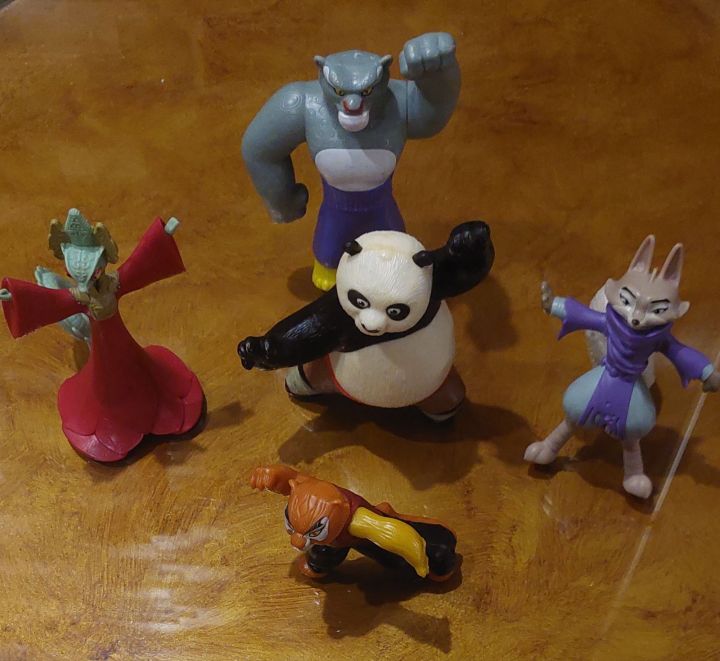 SET OF 5 KUNGFU PANDA ACTION FIGURES ( KUNGFU PO , 1 ZHEN , 1 TIGRESS, 1 .MASTER CHAMELEON, 1 TAI LUNG ACTION FIGURES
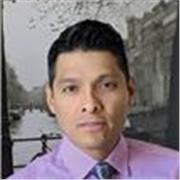 Spanish tutor providing lessons to students of all levels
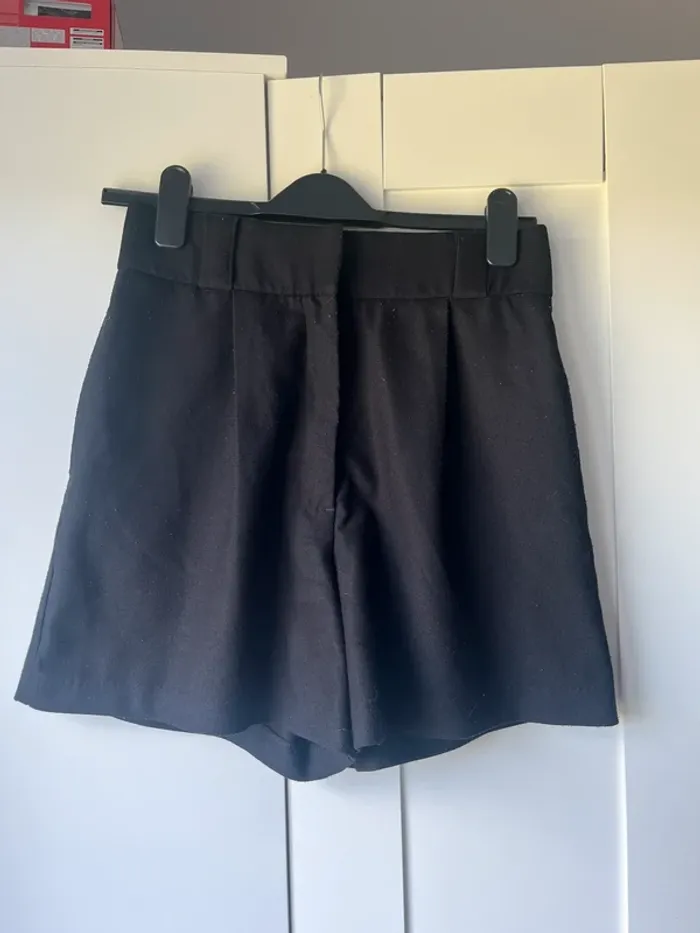 Short noir - photo numéro 2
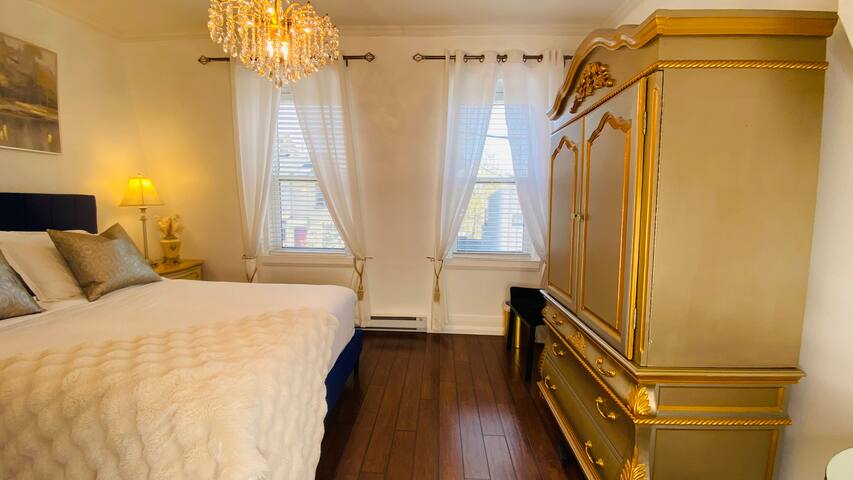 Stylish Victorian home with free parking gallery image 5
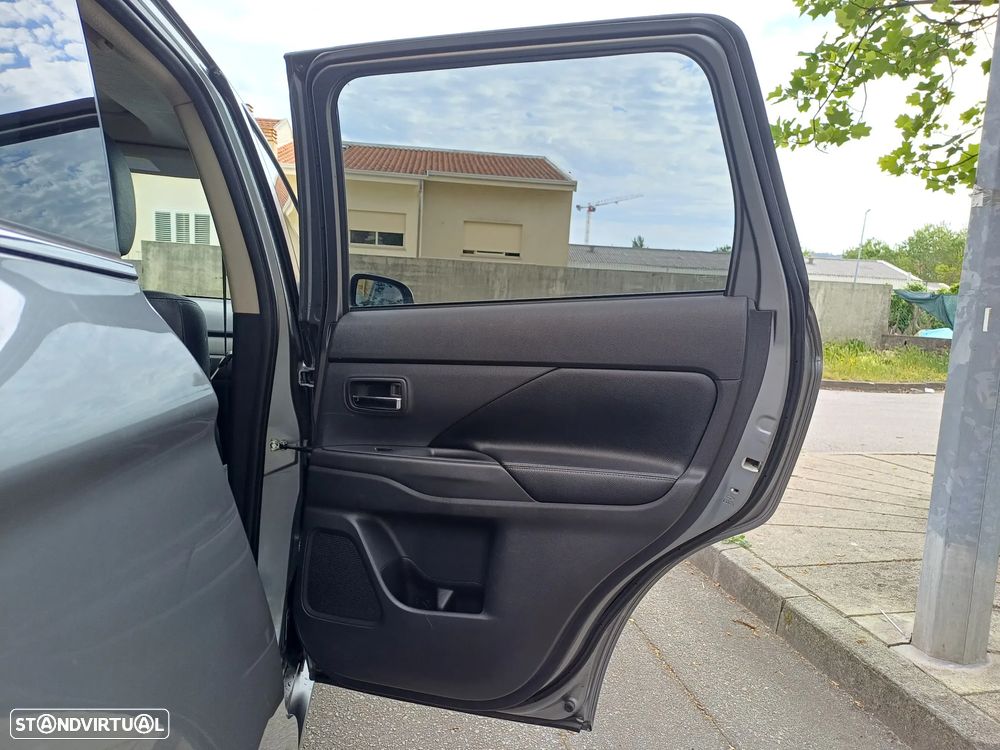 Mitsubishi Outlander 2.2 DI-D Intense+ - 42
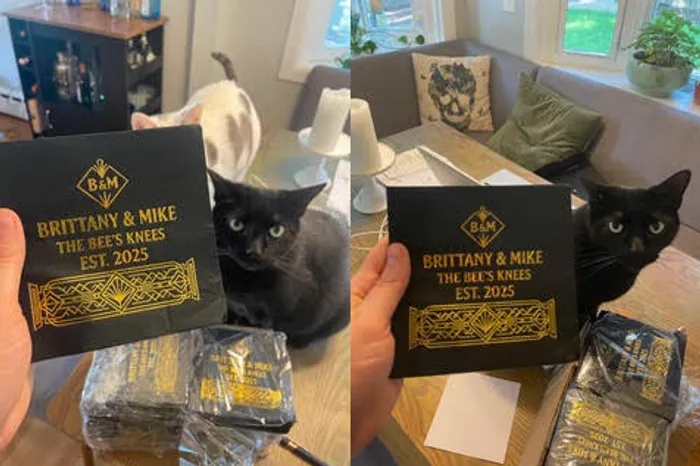 ImprintNow.co.nz - Custom Foil Stamped Beverage Napkin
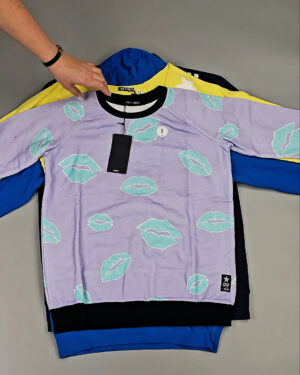 Фотография  184 - Толстовки CIRCUS 095#15 кг, ЛОТ СТ-10122 оптом в Анадыри и Чукотском АО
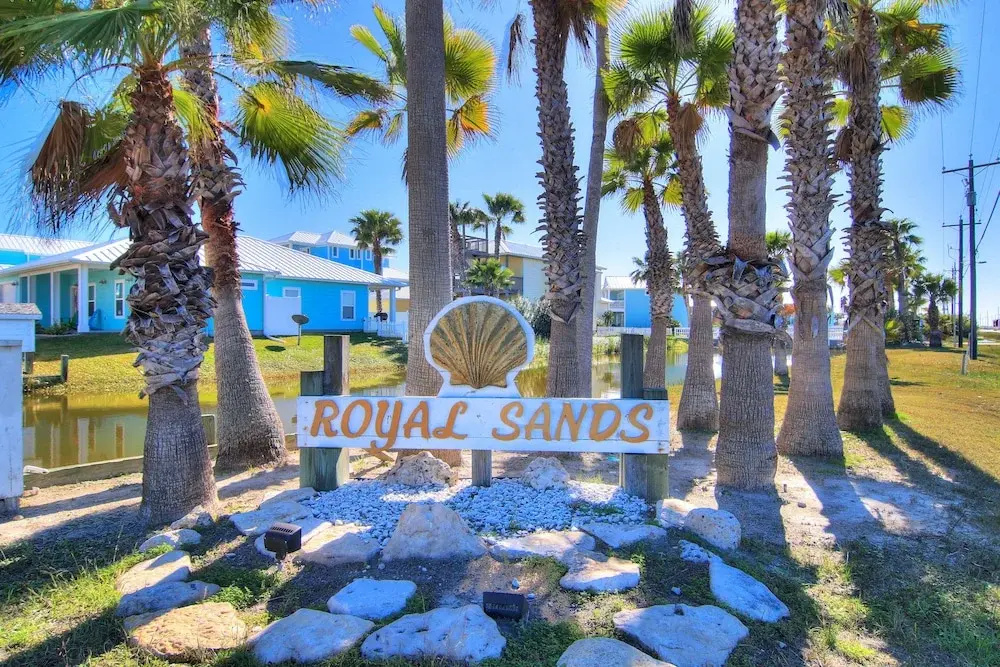 Coconut Hut - Pet Friendly! Boardwalk to the Beach! - Pet Friendly! Boardwalk to the Beach!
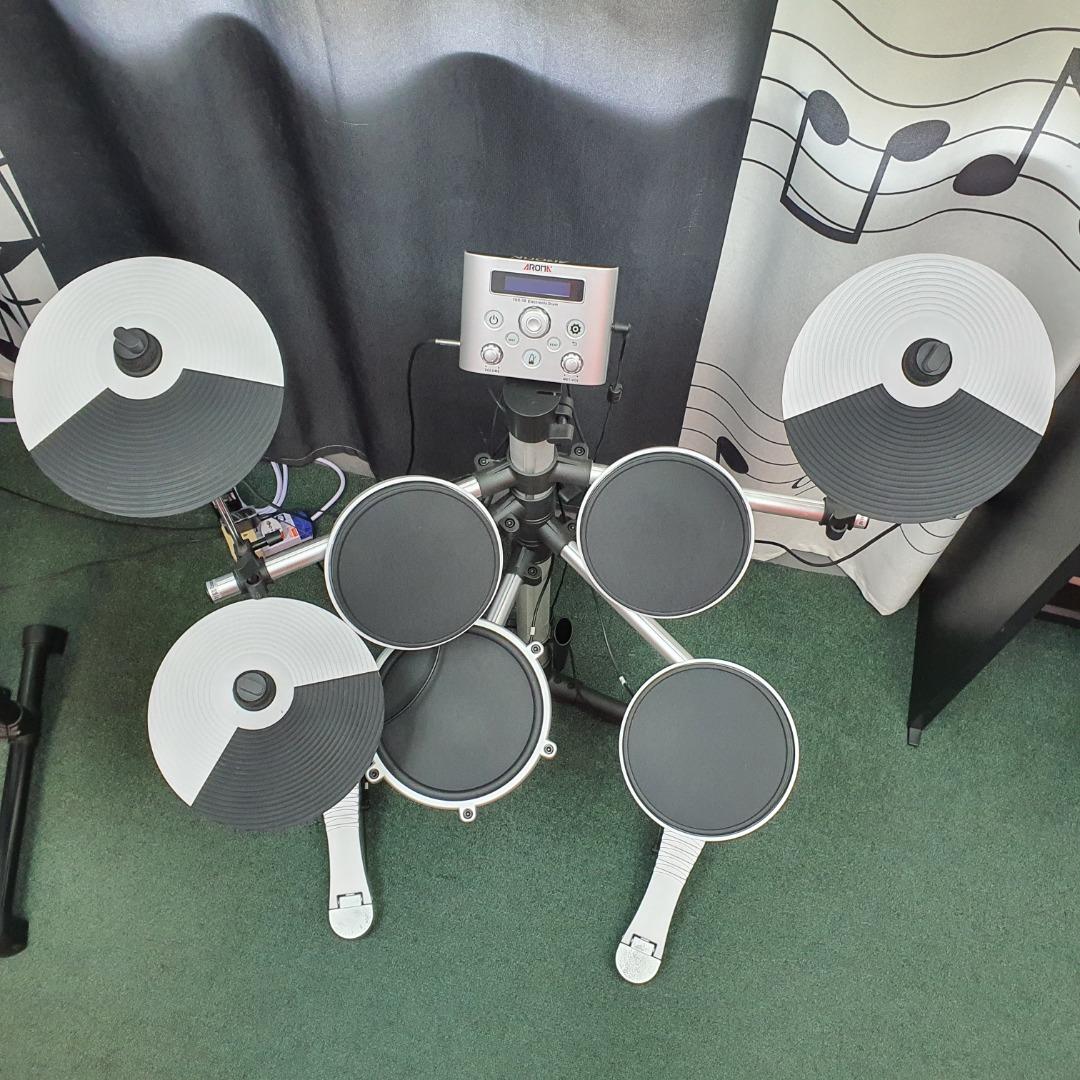 Aroma TDX10 Electronic Drum Set in good condition (negotiable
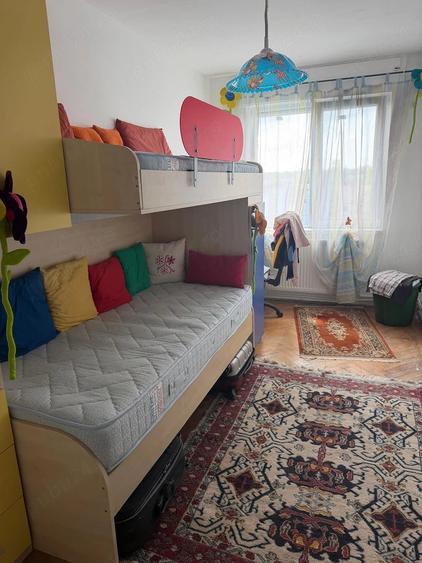Apartament cu 3 camere decomandat în Gară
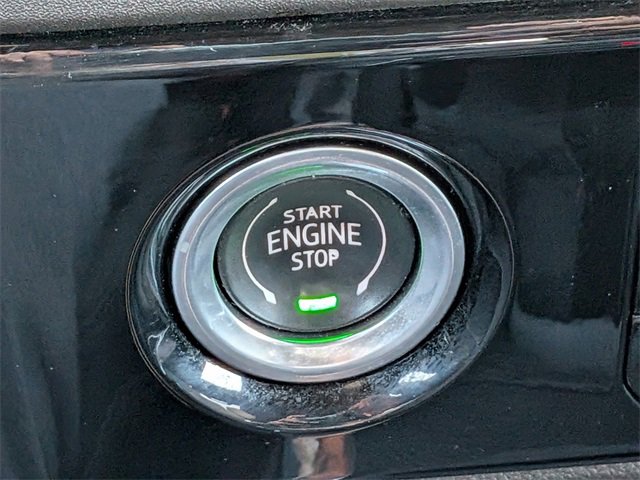 Used 2023 GMC Sierra 1500 SLT w/ SLT Premium Package image 32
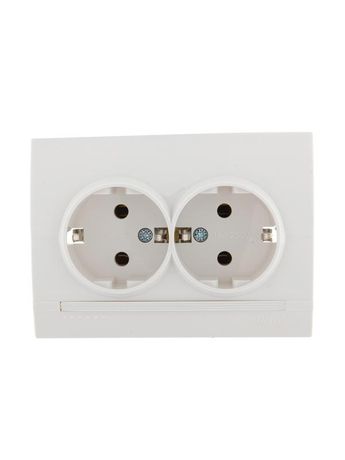 Розетка 2-м СП Deriy с заземл. бакелит бел./бел. LEZARD 702-0202-127B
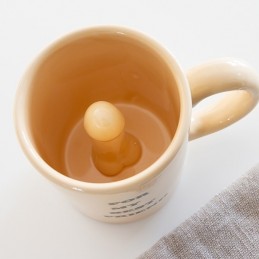 Una divertida y original taza con un pene en su interior, ideal para gastar bromas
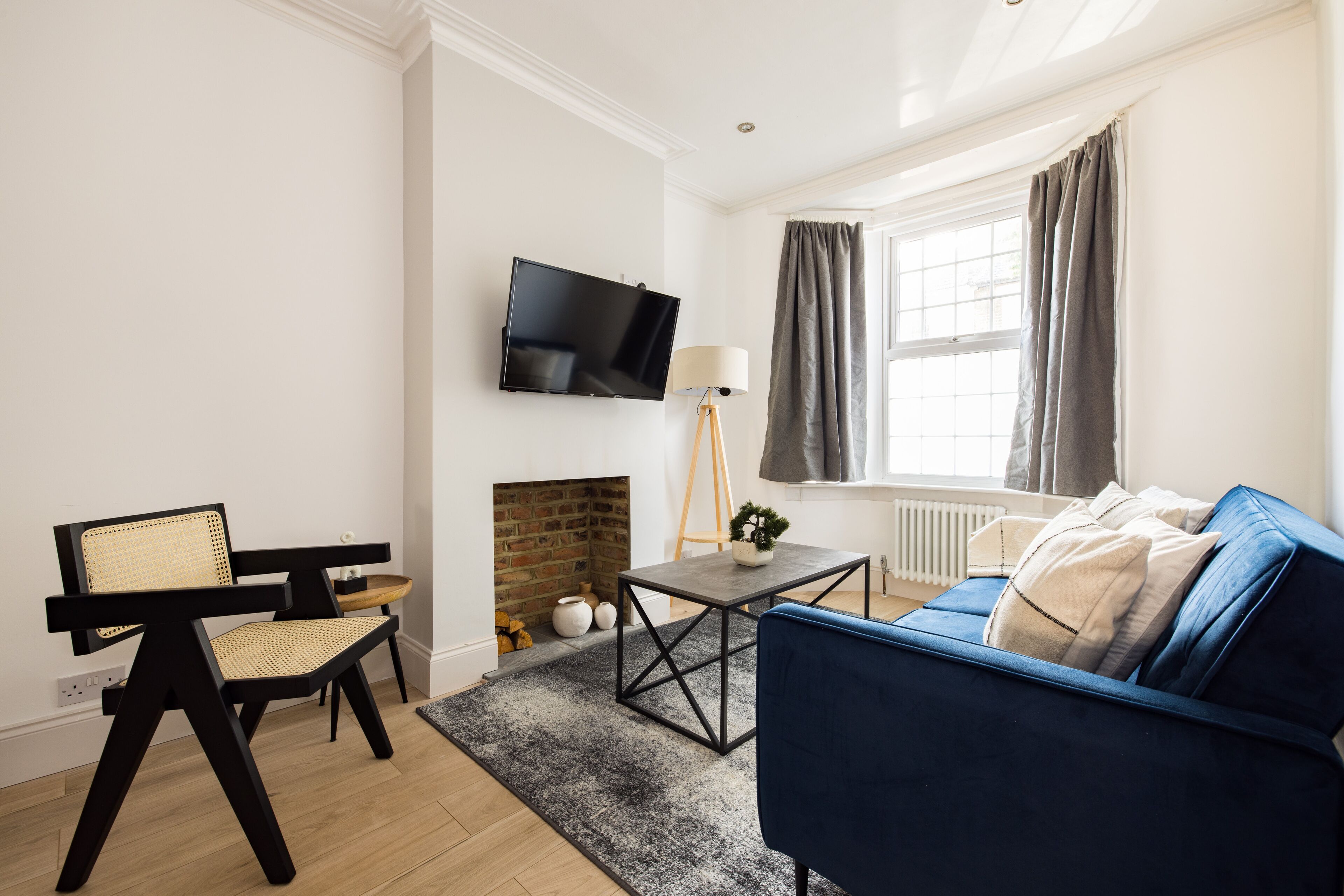 Appartement | Woonruimte | Een 37-inch televisie met kabelzenders, Netflix en streamingdiensten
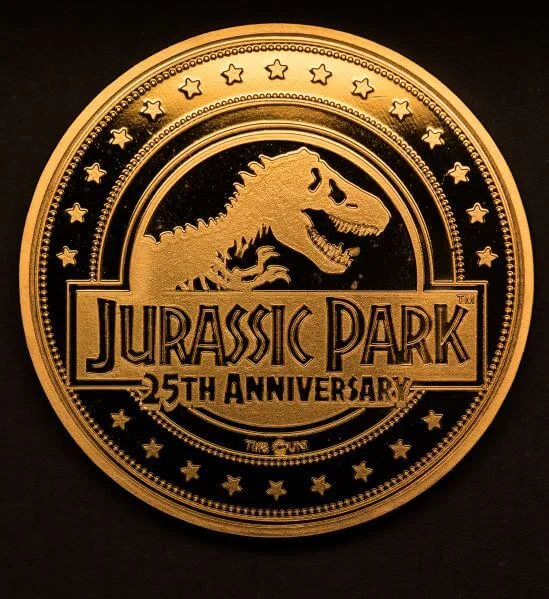 Jurassic Park "Amber" Sammlermünze: Gold Variante - Zavvi Exklusiv(Limitiert auf 1000 Stück) Bild 1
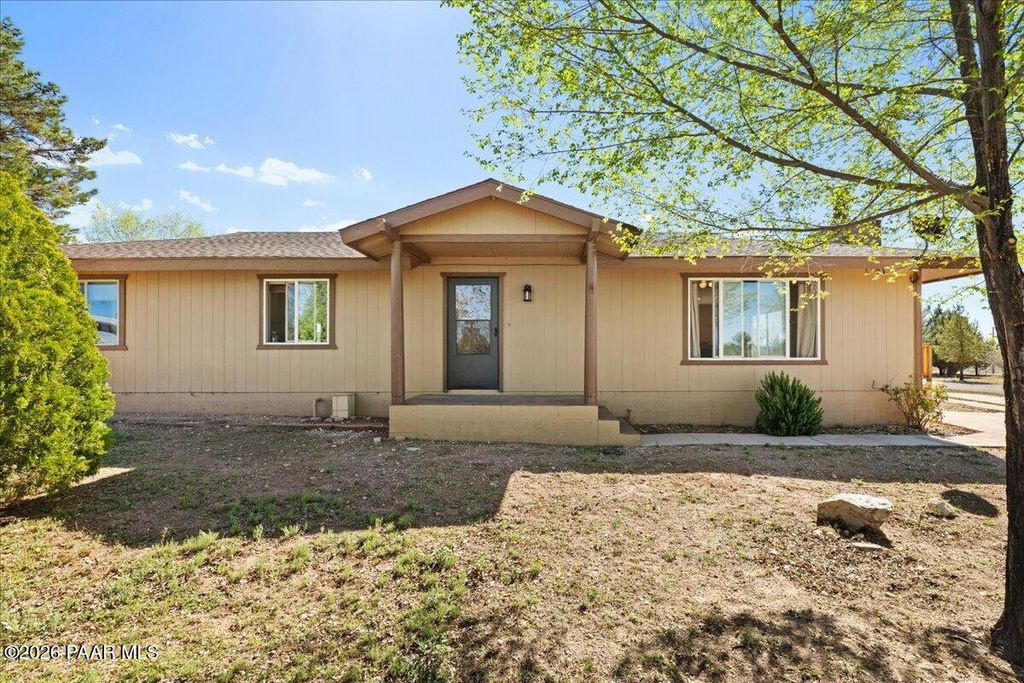 Photo of 25325 N Naples Street, Paulden, AZ 86334 (MLS # 1080660)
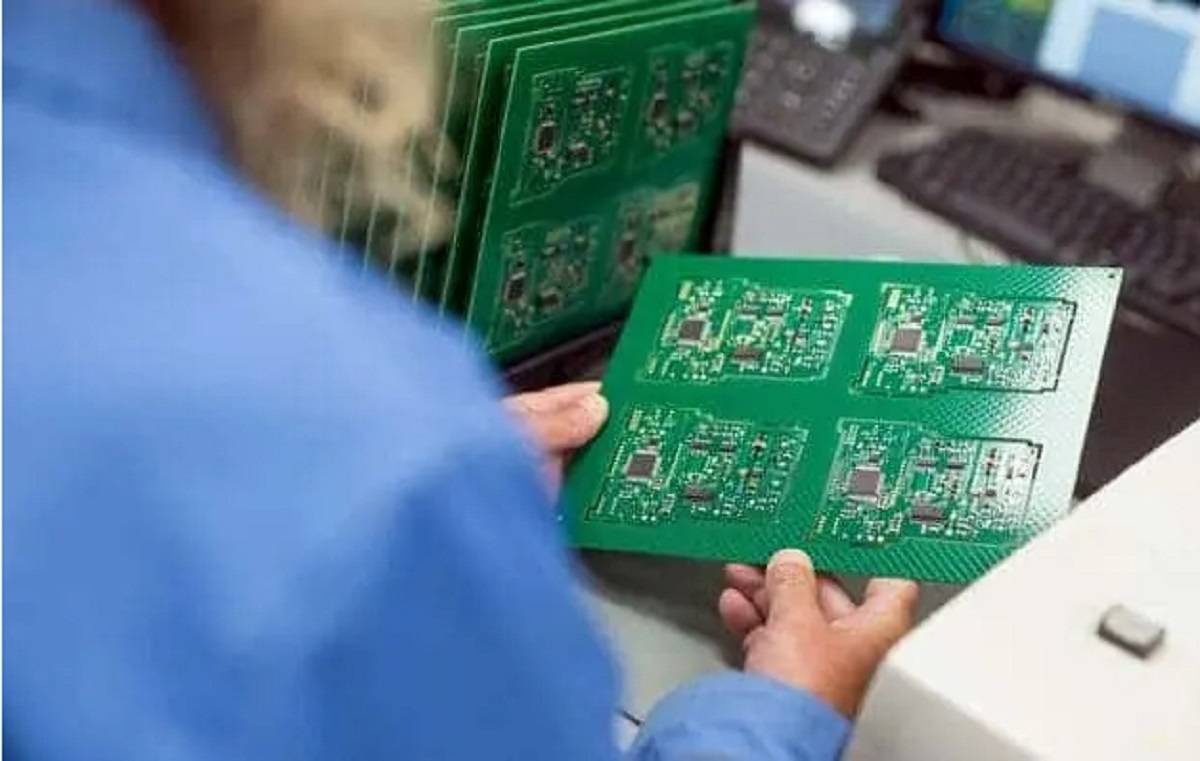 Ponsel China Merajai Dunia, tapi Industri Chip-nya Hanya Cicipi 4% Pasar Global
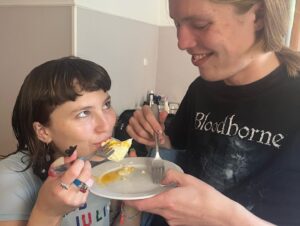 Ísadóra Bjarkardóttir Barney Instagram - family album ‘22 : smelly, bread, pimp, himbo, G.F.G.F. 🫶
★ ★ ★ ★
**Task description**
Every line of the listing above is to be set down verbatim, without the pictures.

**Task solution**
 SET OF 5 KUNGFU PANDA ACTION FIGURES ( KUNGFU PO , 1 ZHEN , 1 TIGRESS, 1 .MASTER CHAMELEON, 1 TAI LUNG ACTION FIGURES
 Spanish tutor providing lessons to students of all levels
 Short noir - photo numéro 2
 Stylish Victorian home with free parking gallery image 5
 Mitsubishi Outlander 2.2 DI-D Intense+ - 42
 ImprintNow.co.nz - Custom Foil Stamped Beverage Napkin
 Фотография  184 - Толстовки CIRCUS 095#15 кг, ЛОТ СТ-10122 оптом в Анадыри и Чукотском АО
 Coconut Hut - Pet Friendly! Boardwalk to the Beach! - Pet Friendly! Boardwalk to the Beach!
 Aroma TDX10 Electronic Drum Set in good condition (negotiable
Apartament cu 3 camere decomandat în Gară
 Used 2023 GMC Sierra 1500 SLT w/ SLT Premium Package image 32
 Розетка 2-м СП Deriy с заземл. бакелит бел./бел. LEZARD 702-0202-127B
 Una divertida y original taza con un pene en su interior, ideal para gastar bromas
 Appartement | Woonruimte | Een 37-inch televisie met kabelzenders, Netflix en streamingdiensten
 Jurassic Park "Amber" Sammlermünze: Gold Variante - Zavvi Exklusiv(Limitiert auf 1000 Stück) Bild 1
 Photo of 25325 N Naples Street, Paulden, AZ 86334 (MLS # 1080660)
 Ponsel China Merajai Dunia, tapi Industri Chip-nya Hanya Cicipi 4% Pasar Global
 Ísadóra Bjarkardóttir Barney Instagram - family album ‘22 : smelly, bread, pimp, himbo, G.F.G.F. 🫶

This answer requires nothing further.